Qué significa “potencialmente peligroso” y por qué hoy es seguro
Apophis está catalogado como “potencialmente peligroso” por tamaño y por trayectoria, porque su órbita cruza la de la Tierra. Eso es una etiqueta de vigilancia, no un aviso de impacto inminente.
Cuando se descubrió en 2004, durante un tiempo se barajaron escenarios de impacto en 2029, 2036 o 2068. Con más observaciones y mediciones de radar, los astrónomos ajustaron su órbita y fueron descartando esas posibilidades.
Hoy la NASA es clara, con los datos disponibles “no hay riesgo” de que choque con la Tierra durante al menos un siglo. Es el resultado de seguirlo durante años con telescopios ópticos y radar, afinando cada vez más dónde estará y cuándo.
Un acercamiento más cerca que satélites muy valiosos
El dato que más titulares genera es la distancia, unas 20.000 millas, que son aproximadamente 32.000 kilómetros sobre la superficie. Eso lo sitúa por dentro de la altitud típica de muchos satélites geoestacionarios, que rondan los 36.000 kilómetros.
En la práctica, esa órbita es una autopista muy codiciada, ahí se colocan satélites clave para comunicaciones y meteorología. Un asteroide pasando tan cerca, aunque sea seguro, es justo el tipo de evento que conviene entender bien.
La ESA estima que un objeto tan grande pasando tan cerca es algo que ocurre, de media, una vez cada 5.000 a 10.000 años. No es poca cosa.
La gravedad terrestre hará de laboratorio y Apophis lo notará
Lo interesante para la ciencia no es solo verlo pasar, sino medir cómo cambia. La NASA explica que la gravedad de la Tierra puede alterar su órbita, modificar cómo gira e incluso provocar pequeños movimientos de material en la superficie, como deslizamientos.
Aquí entra un concepto clave, las fuerzas de marea. Durante el encuentro, la Tierra “estira y comprime” al asteroide, y eso puede revelar detalles sobre su estructura interna sin necesidad de tocarlo.
Si Apophis responde como un bloque compacto o como un conjunto de rocas más sueltas, la diferencia importa. Es la clase de información que se necesita para diseñar una estrategia de defensa planetaria el día que no estemos ante un simple espectáculo.
Ramses y OSIRIS-APEX van a por el antes y el después
La gran novedad de estos meses es que la ESA ha pasado del plan a la firma. El 10 de febrero de 2026, la agencia firmó un contrato de 81,2 millones de euros con OHB Italia para desarrollar Ramses.

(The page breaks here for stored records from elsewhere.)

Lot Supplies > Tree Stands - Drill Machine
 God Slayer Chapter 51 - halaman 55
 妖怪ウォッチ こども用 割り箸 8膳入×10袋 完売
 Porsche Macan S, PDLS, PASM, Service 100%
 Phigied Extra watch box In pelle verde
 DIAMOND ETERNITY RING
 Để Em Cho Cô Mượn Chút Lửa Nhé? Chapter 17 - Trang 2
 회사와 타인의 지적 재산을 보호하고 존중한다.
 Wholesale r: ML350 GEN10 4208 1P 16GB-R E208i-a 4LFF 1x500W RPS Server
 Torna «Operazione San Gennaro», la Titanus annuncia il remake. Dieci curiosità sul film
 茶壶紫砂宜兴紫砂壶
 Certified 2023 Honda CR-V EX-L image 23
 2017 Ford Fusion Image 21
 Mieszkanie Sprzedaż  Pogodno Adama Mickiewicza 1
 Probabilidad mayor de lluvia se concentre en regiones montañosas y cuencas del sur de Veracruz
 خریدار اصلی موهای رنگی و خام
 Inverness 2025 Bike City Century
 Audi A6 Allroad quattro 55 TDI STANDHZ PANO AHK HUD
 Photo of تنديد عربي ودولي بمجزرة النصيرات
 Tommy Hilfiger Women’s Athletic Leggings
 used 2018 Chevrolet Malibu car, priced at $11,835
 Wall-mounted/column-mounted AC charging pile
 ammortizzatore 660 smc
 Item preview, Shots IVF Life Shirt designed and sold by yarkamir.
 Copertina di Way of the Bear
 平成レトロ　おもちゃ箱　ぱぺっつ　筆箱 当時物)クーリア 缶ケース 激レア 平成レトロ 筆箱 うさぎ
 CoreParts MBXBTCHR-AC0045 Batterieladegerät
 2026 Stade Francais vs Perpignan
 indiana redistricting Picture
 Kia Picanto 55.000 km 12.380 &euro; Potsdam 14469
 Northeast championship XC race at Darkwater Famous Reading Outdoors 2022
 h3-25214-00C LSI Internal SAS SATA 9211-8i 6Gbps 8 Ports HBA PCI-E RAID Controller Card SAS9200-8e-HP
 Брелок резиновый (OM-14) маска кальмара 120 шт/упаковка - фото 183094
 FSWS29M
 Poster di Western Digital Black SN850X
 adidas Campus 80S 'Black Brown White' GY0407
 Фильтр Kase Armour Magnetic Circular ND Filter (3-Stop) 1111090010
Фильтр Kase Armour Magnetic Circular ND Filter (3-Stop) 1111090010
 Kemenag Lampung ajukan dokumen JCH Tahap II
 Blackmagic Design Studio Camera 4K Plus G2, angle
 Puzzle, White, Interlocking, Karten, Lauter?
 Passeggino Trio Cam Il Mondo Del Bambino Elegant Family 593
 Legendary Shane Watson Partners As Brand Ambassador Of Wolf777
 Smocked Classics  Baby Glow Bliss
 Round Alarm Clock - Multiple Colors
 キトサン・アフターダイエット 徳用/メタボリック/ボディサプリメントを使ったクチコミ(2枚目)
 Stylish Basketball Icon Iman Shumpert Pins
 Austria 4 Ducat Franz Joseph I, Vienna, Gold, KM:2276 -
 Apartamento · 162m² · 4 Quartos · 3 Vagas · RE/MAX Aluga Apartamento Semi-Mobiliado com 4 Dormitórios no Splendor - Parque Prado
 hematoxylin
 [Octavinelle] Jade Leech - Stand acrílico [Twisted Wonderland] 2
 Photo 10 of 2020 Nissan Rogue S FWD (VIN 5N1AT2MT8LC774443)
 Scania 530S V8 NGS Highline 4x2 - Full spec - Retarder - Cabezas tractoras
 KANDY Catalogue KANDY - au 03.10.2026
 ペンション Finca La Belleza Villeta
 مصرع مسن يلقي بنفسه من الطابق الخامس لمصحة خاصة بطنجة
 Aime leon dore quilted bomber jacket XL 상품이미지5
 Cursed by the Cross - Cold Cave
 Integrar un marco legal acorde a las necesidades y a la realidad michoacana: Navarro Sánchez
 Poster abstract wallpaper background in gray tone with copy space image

El calendario es ajustado, Ramses debe lanzarse en 2028 para llegar a Apophis en febrero de 2029, unos dos meses antes del sobrevuelo. La misión incluye dos CubeSats y una colaboración con JAXA, que aportará componentes como paneles solares e instrumentos.
La NASA, por su parte, usará OSIRIS-APEX, la antigua OSIRIS-REx que trajo muestras del asteroide Bennu a la Tierra en 2023. Según la NASA, el encuentro con Apophis está previsto para junio de 2029, con observaciones posteriores y una maniobra para levantar polvo y asomarse al material bajo la superficie.
Por qué esto también tiene que ver con cuidar el planeta
La defensa planetaria suena a ciencia ficción, pero en el fondo es gestión del riesgo. Igual que la ciencia del clima trabaja con probabilidades y escenarios, aquí se trata de reducir incertidumbre y prepararse sin alarmismo.
La NASA organiza la International Asteroid Warning Network (IAWN) para coordinar campañas de observación antes y durante el sobrevuelo. Y la ESA subraya que Ramses refuerza capacidades europeas y colaboración internacional en seguridad espacial.
El espacio también es parte de nuestra infraestructura ambiental, muchos datos que sostienen decisiones sobre emergencias o energía dependen de satélites. Mantener ese entorno seguro, frente a riesgos naturales y también humanos, es otra pieza de la sostenibilidad.
La nota de prensa oficial de la Agencia Espacial Europea sobre el contrato y el calendario de la misión Ramses se ha publicado en ESA.